17.2.1 Structure of Contractile Proteins

  1. Structure of Actin (Thin) Filament:

    • Each actin filament consists of two filamentous (F) actins helically wound to each other.
    • Filamentous actin (F-actin) is a polymer of monomeric (G) actins.
    • Tropomyosin proteins run close to the actin filaments, with two filaments of tropomyosin running along the length of each actin filament.
    • Troponin, a complex protein, is distributed at regular intervals on the tropomyosin.
    • In the resting state, a subunit of troponin covers the active binding sites for myosin on the actin filaments, preventing muscle contraction.
  2. Structure of Myosin (Thick) Filament:

    • Each myosin filament is also a polymerized protein, consisting of multiple monomeric proteins called meromyosins.
    • Meromyosin consists of two main parts: a globular head with a short arm (heavy meromyosin, HMM) and a tail (light meromyosin, LMM).
    • The globular head of meromyosin projects outward at regular intervals and angles from the surface of the polymerized myosin filament, forming cross arms.
    • The globular head of myosin is an active ATPase enzyme, capable of binding ATP and actin.

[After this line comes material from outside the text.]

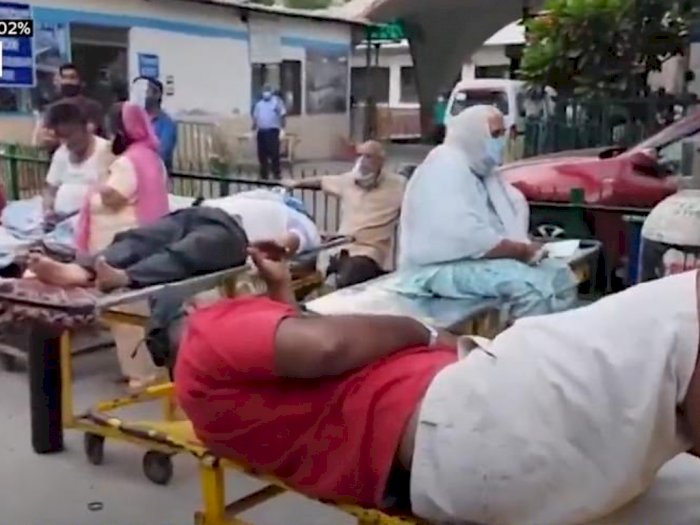 Pasien Virus Corona di India Terlihat Berbaring di Luar Rumah Sakit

17.2.2 Mechanism of Muscle Contraction

  1. Sliding Filament Theory:

    • Muscle contraction occurs through the sliding of thin filaments (actin) over thick filaments (myosin).
    • Initiated by a neural signal from the central nervous system (CNS) via a motor neuron to the neuromuscular junction.
    • Release of neurotransmitter (acetylcholine) at the neuromuscular junction generates an action potential in the sarcolemma.
    • Action potential spreads through the muscle fiber, causing the release of calcium ions (Ca++) into the sarcoplasm.
  2. Calcium Ion Binding and Cross-Bridge Formation:

    • Calcium ions bind to troponin on actin filaments, exposing active sites for myosin.
    • Myosin heads bind to the exposed active sites on actin, forming cross-bridges.
    • Utilizing energy from ATP hydrolysis, myosin pulls attached actin filaments toward the center of the A-band, shortening the sarcomere and causing contraction.
  3. Cross-Bridge Cycling and Relaxation:

    • Myosin releases ADP and Pi, returning to its relaxed state.
    • ATP binds to myosin, breaking the cross-bridge.
    • ATP is hydrolyzed by myosin, repeating the cycle of cross-bridge formation and breakage, further sliding of filaments.
    • Muscle relaxation occurs when calcium ions are pumped back into the sarcoplasmic reticulum, masking actin filaments.
  4. Muscle Fibers and Types:

    • Muscle fibers vary in reaction time and fatigue resistance.
    • Repeated muscle activation leads to the accumulation of lactic acid, causing fatigue.
    • Muscle fibers contain myoglobin, a red-colored oxygen-storing pigment.
    • Red fibers have high myoglobin content, appear reddish, and are aerobic due to abundant mitochondria for ATP production.
    • White fibers have low myoglobin content, appear pale, and rely on anaerobic processes for energy.